I manage the Mark Levinson design team encompassing electronics, software and mechanical engineering. Additionally, the team and I work on improvements to the entire product line.

What did you study in school? Did you always imagine yourself doing something like what you’re doing now, or did the fates just take you in that direction?
My early years were filled with math, electronics, physics and science. I have always been curious about science and technology.

Academics were not much of challenge to me and soon I gravitated to working as a bench tech for a consumer audio repair shop in the middle of my high school years, at the same time pursuing an interest in music recording and engineering. Unknowingly, those days were the first pillars of my career as paths were paved rooted in electronics, recording arts, video, lighting, etc.

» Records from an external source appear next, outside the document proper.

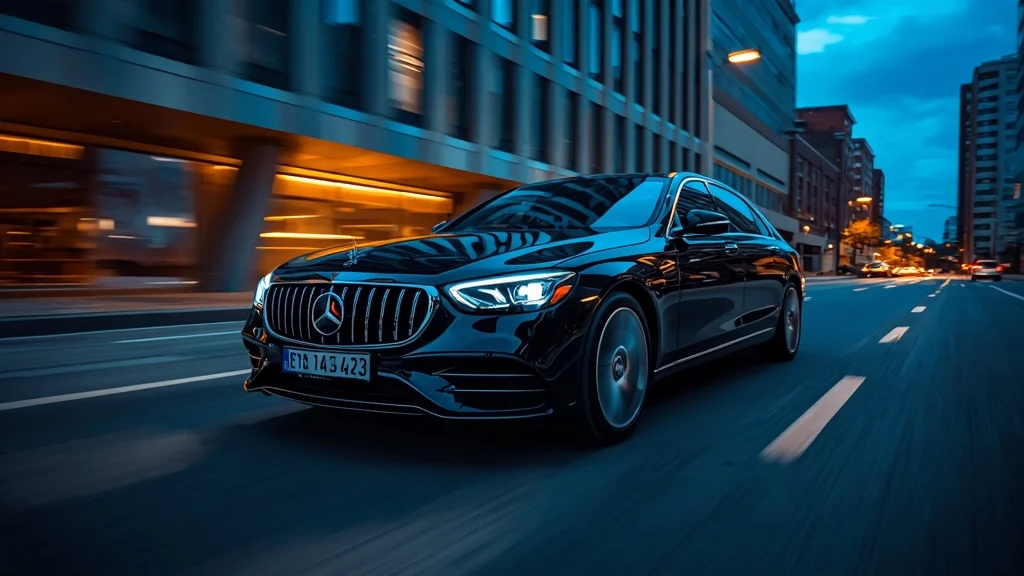 All the Ways the 2024 Mercedes S‑Class Gets a Stunning Facelift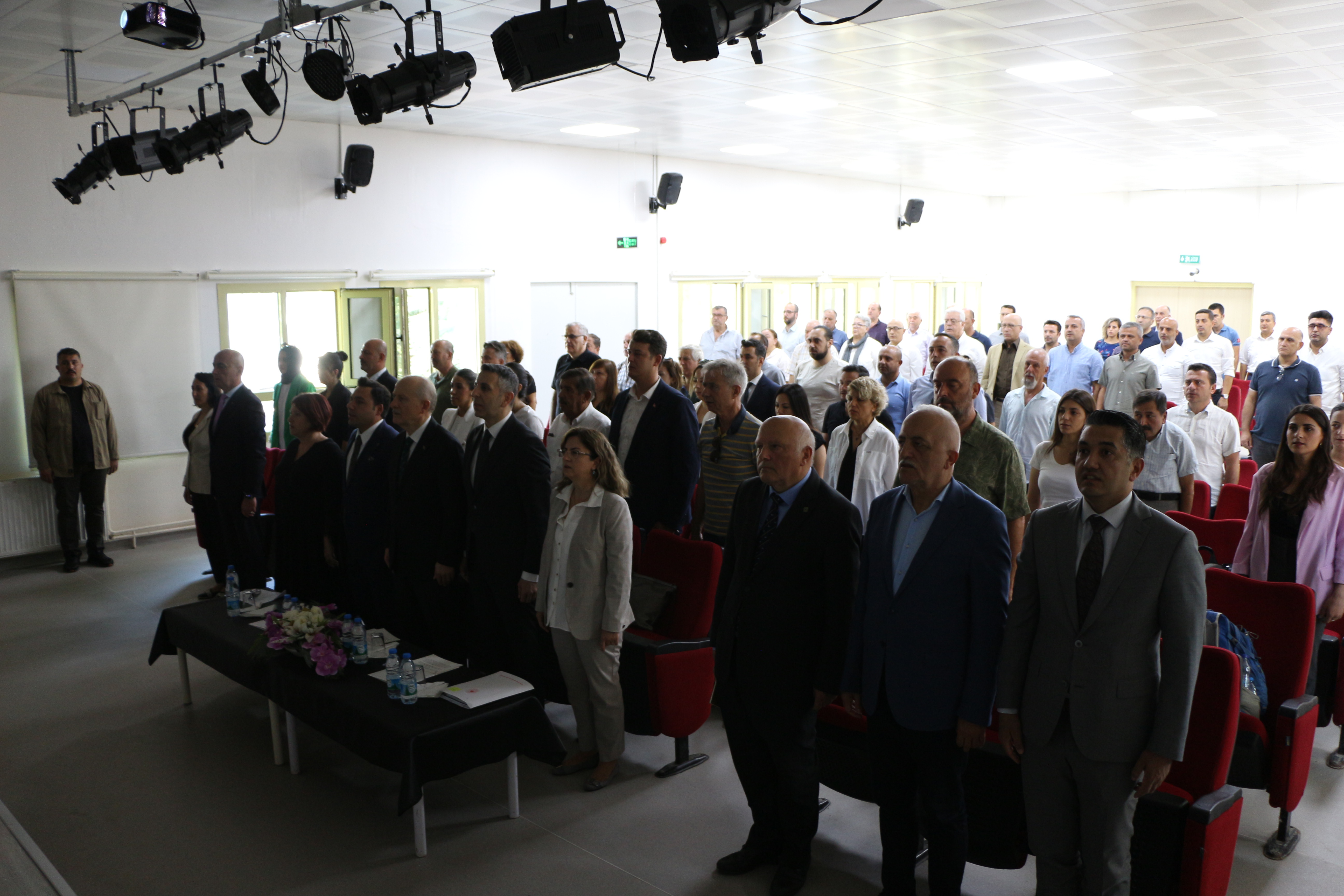 Karaburun-Ildır Körfezi Özel Çevre Koruma Bölgesi Biyolojik Çeşitlilik Projesi Kapanış Toplantısı Karaburun’da gerçekleştirildi.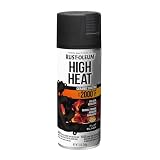 Rust-Oleum 248903 Automotive High Heat Flat Black product image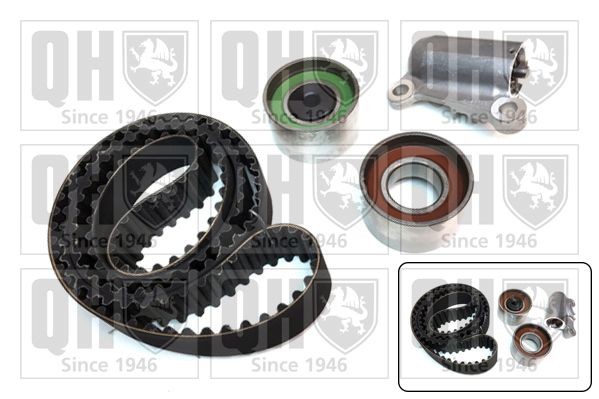 QUINTON HAZELL Jogo de correias dentadas QBK834 QUINTON HAZELL QBK834 Kit de correia de distribuição Mazda 6 gy preço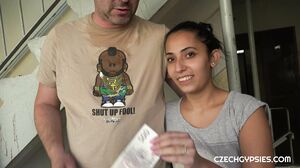 Real Czech Gypsy Girl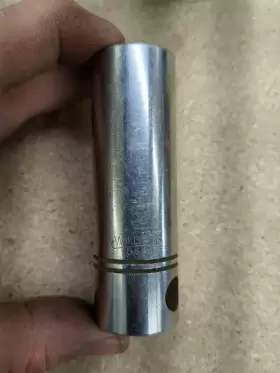 SD-1226 WILLIAMS Point Socket Drive Cross Hole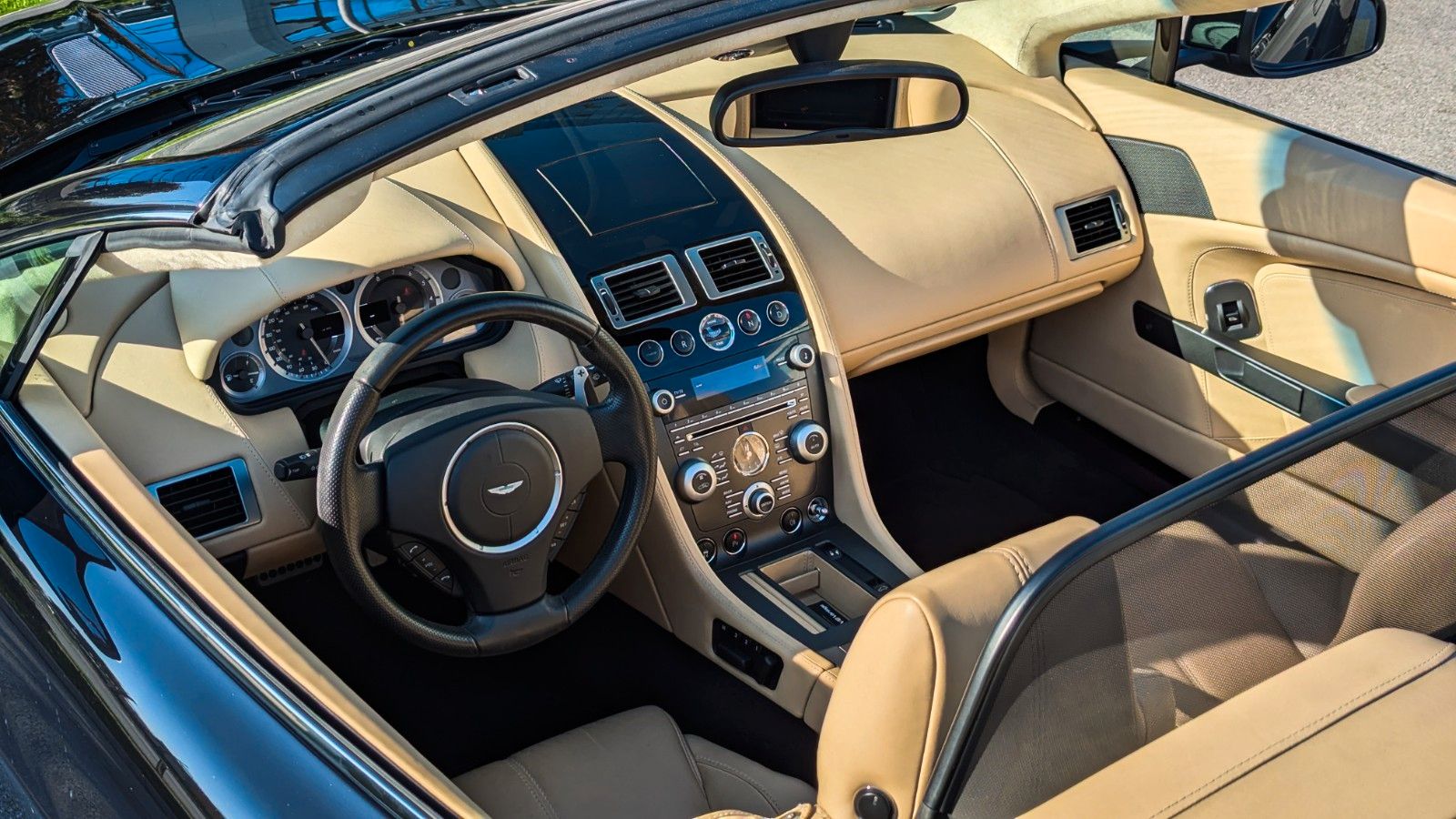 Aston Martin V8 Vantage – Ansicht 19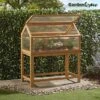 Garden Grow Raised Wooden Cold Frame -EcoFlora Sales Shop G447120LS201 2000x2000 logo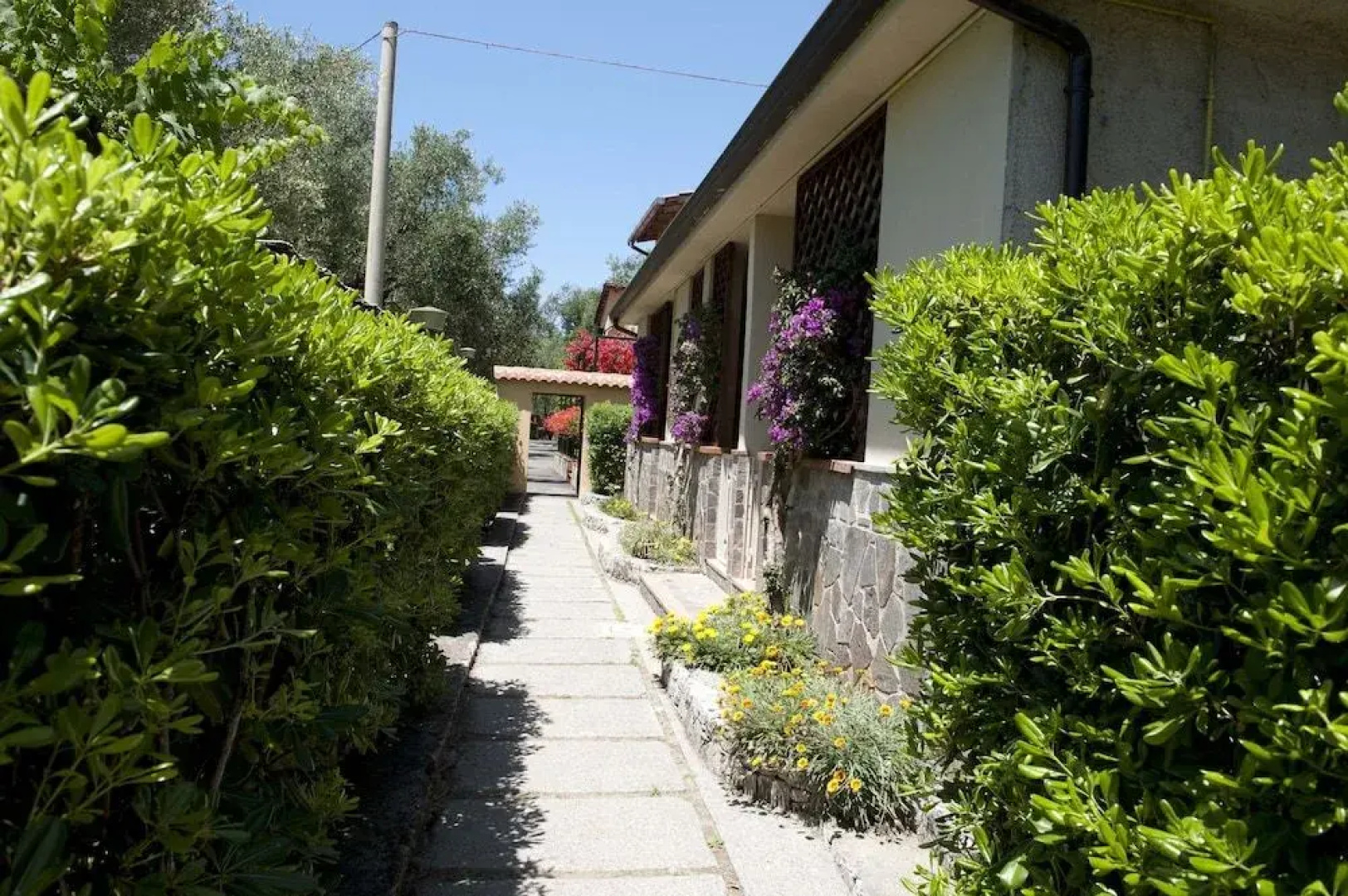 Villaggio Residence Torre Saracena - Campsite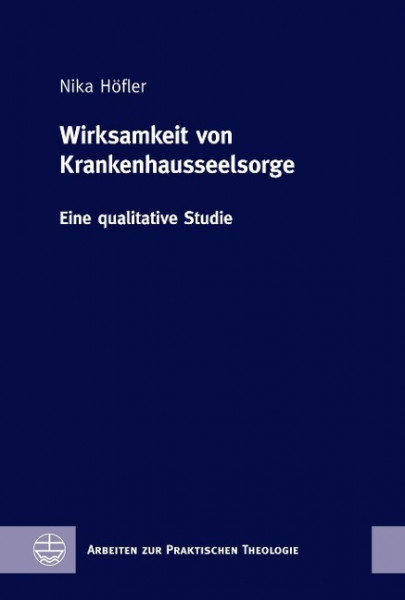Wirksamkeit von Krankenhausseelsorge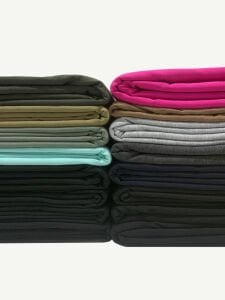 Diz Yapmaz 2 İplik Kumaş Seti, Boyları 100-115 cm arası 16 adet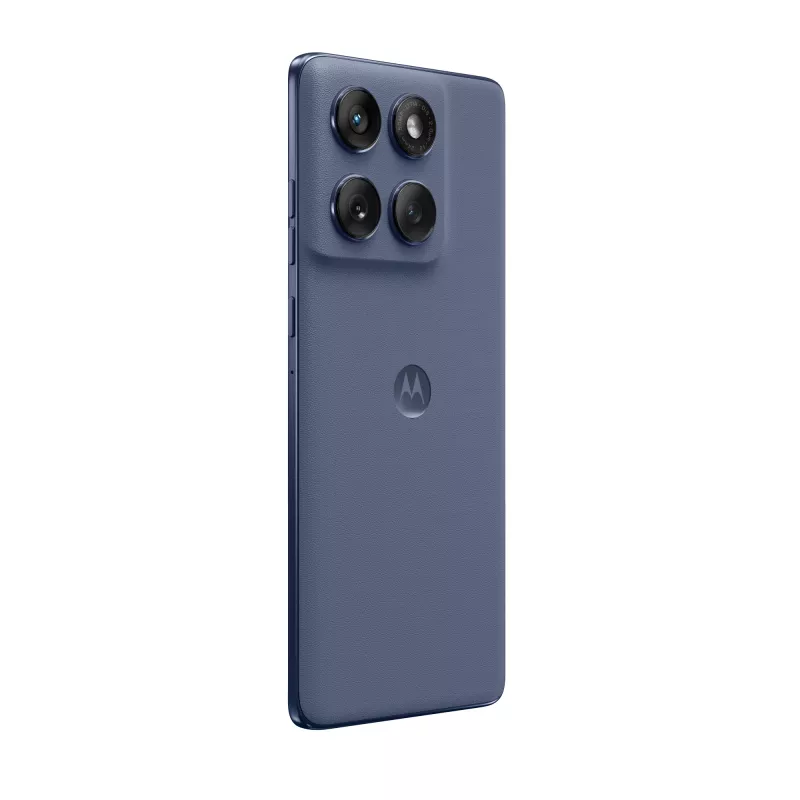 Motorola edge 60 fusion 16,9 cm (6,67 collu) Dual SIM Android 15 5G USB Type-C 8 GB 256 GB 5200 mAh Pelēks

Along the way I made my hobbies aligned with my work. For example, my mechanical and machining skills were an extension of building one inch to the foot scale fully operational coal burning steam locomotives. SCUBA diving gave way to working on underwater propulsion systems and communications. Video production gave way to designing and building large scale camera crane booms with the largest being 22 feet.

Of course, prior to all that, I wanted to be a fighter pilot which obviously didn’t pan out, so it was faith!

How did your career path lead you to HARMAN?
My passion for electronics and performing arts coupled with music, aligned me with a trade school in my late teens where I gained knowledge and experience in professional audio and video.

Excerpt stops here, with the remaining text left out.